Dopo quasi sei anni qui a Roma, i miei signori Genitori sono venuti a trovarmi solo per la voglia di vedermi, senza dover fare altro. E il primo desiderio che ho espresso è stato fare shopping.
Mi sono preparata per scendere in battaglia, pronta per camminare chilometri e chilometri, pronta a fermarmi ad ogni negozio, a schivare le lamentele di mia madre sulle distanze da percorrere, a colpire chiunque potesse mettersi tra me e l’ultima t-shirt taglia M dell’immensa pila del bancone centrale del negozio, pronta a sgomitare per arrivare alla cabina prova. Dopo il giusto stretching fatto in vista di tutte le buste che avrei dovuto portare, siamo usciti.
Via del Corso.
Finale della storia? Sono rientrata in casa con una sola bustina, una di quelle piccole, con una sola camicetta. Sono rientrata con i piedi a pezzi, un gelato nello stomaco e una foto sul cellulare di me nei camerini di MaxMara con un pantalone da 300 euro.
Il bottino di due ore di shopping era composto da una camicetta e una foto sul cellulare.
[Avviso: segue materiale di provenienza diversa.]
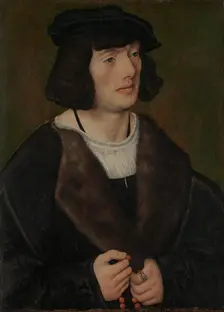 Portrait of a Man with a Rosary, ca. 1508. Creator: Lucas Cranach the Elder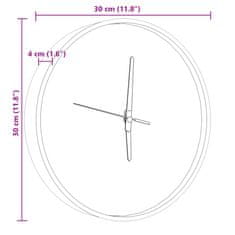 Vidaxl Nástenné hodiny so svietiacimi ručičkami a indexmi modré Ø30 cm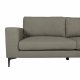 VENTURE DESIGN Bolero 3 pers. sofa - grn polyester og sort metal
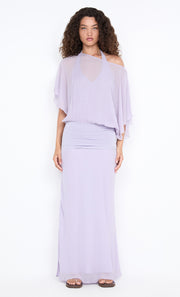 DELILAH OVERLAY MAXI DRESS - WISTERIA
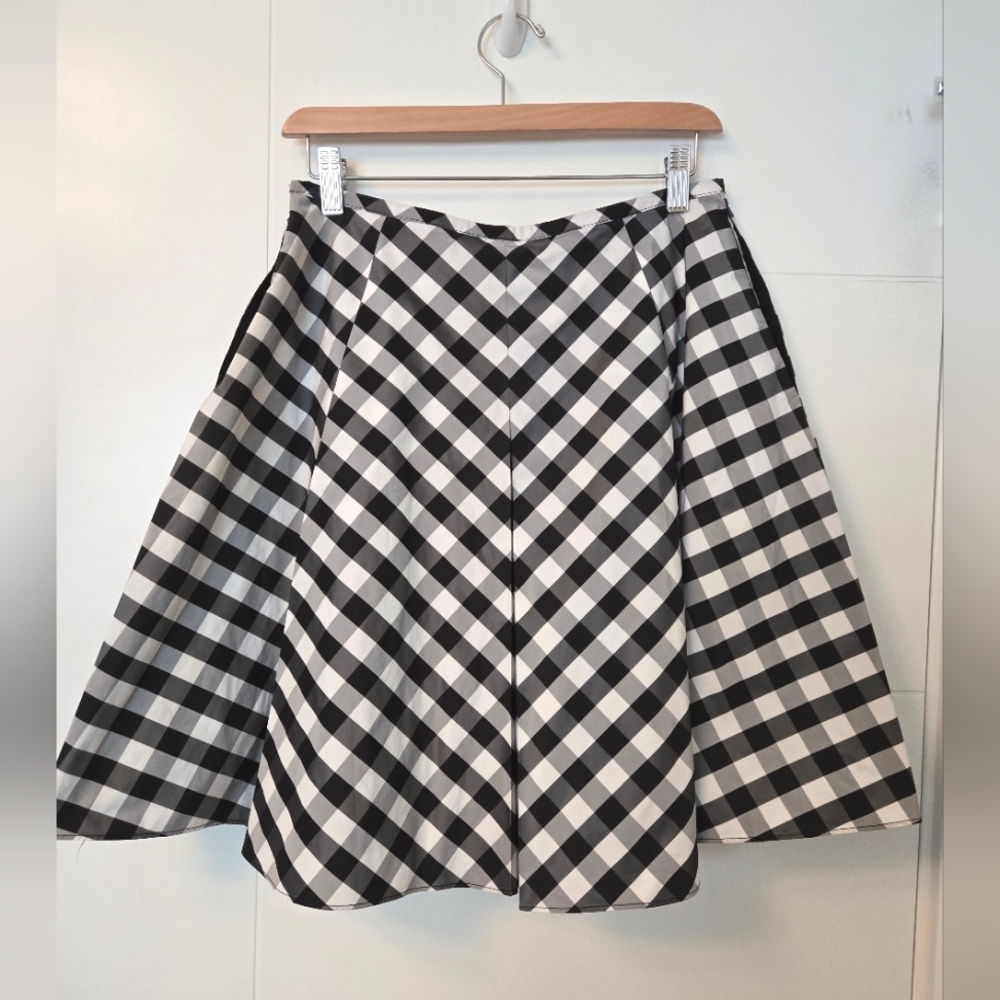 Checkered Skirt
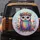 Rainbow Owl Floral Crown - Owl Lover Home Decor Gift Spare Tire Cover - 5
La velocità con cui siamo nati in me si è sempre tramutata nella fretta di arraffare, la fretta di cambiare e la necessità di ricevere nel minor tempo possibile dei risultati.
Un bottino.
Scoprire la lentezza è stato ritrovarla e riconoscerla nel bottino di quel weekend: una sola camicia ed una foto. In quella foto c’è il racconto di un’ora e mezza in cui non ho corso per arrivare ad un risultato. Un’ora e mezza in cui sono entrata in un negozio, di quelli che non frequento perché chi diavolo se li può permettere quei prezzi?
Ma ho lasciato che i miei genitori si sedessero su quei sofà, mentre due commesse con lo stesso tailleur lilla offrivano acqua e succo di frutta, neanche fossimo in Pretty woman, e li ho lasciati lì ad aspettare, rilassarsi, e guardarmi.
Mentre le stesse due commesse mi portavano pantaloni eleganti, maglie, giacche e tacchi. Come in un film, come in quei giochi del nintendo dove dovevi creare gli outfit su dei manichini, mi sono divertita a trasformare i miei genitori in Richard Gere e diventare il manichino di me stessa, mentre provavo capi su capi che mai avrei comprato.
Unico bottino: una foto sul cellulare.
Eppure, tornando a casa senza nessun risultato concreto, avevo la sensazione sulla pelle, negli occhi, sotto le unghie di aver assaggiato quella vita lenta di cui tutti parlano.
Non ci piacciono le cose lente perché ci hanno insegnato ad associare la lentezza alla pigrizia, e leggere (così come scrivere) è una cosa lenta.